4.4.1 Evaluating the binding affinity of CARD-like domain of Rv2615c with CARD-APAF1 and CARD-Caspase9
Molecular docking of Rv2615c protein was performed to estimate the binding affinity of CARD-like domain of Rv2615c with CARD-APAF1 and CARD-Caspase9 using PatchDock server (Schneidman-Duhovny et al. , 2005). Top ten docked structures were further refined in FireDock server (Mashiach et al. , 2008). The best model was evaluated based on number of bonds formed and the energy score generated in HEX 8.0.0. Visualization was done in Discovery studio Visualizer 4.1 (Accelyrs Inc., USA). The complex of CARD-APAF1 with CARD-Caspase9 (PDB ID: 3YGS) was included as positive control and the inactivated independent APAF-ADP complex (PDB ID: 1Z6T) was included as negative control in the study.

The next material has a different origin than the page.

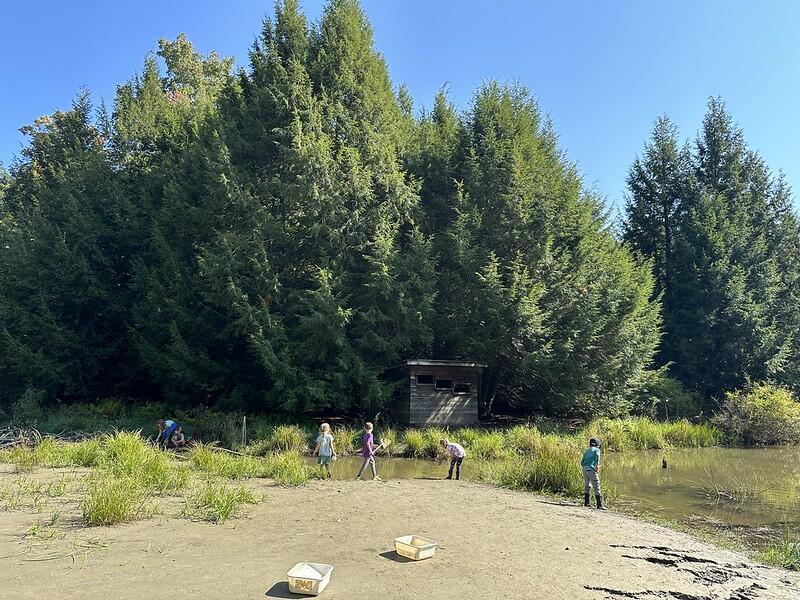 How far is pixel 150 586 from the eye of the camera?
653 cm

We observed Leucine-116 and Isoleucine-117 were two common residues within CARD-like domain of Rv2615c which aligned with conserved residues Methionine-29 and Isoleucine-30 of CARD-APAF1 and Leucine-58 and Isoleucine-59 of CARD-Caspase9. Therefore, site directed mutation was incorporated changing Leucine-116 and Isoleucine-117 to the most preferred Alanine substitution in CARD-like domain of Rv2615c and the mutant structure was checked for its stability using I-Mutant 2.0 server (Capriotti, Fariselli and Casadio, 2005). Furthermore, binding affinity of this mutant Rv2615c protein with CARD-APAF1 and with CARD-Caspase9 was evaluated through docking studies as described previously.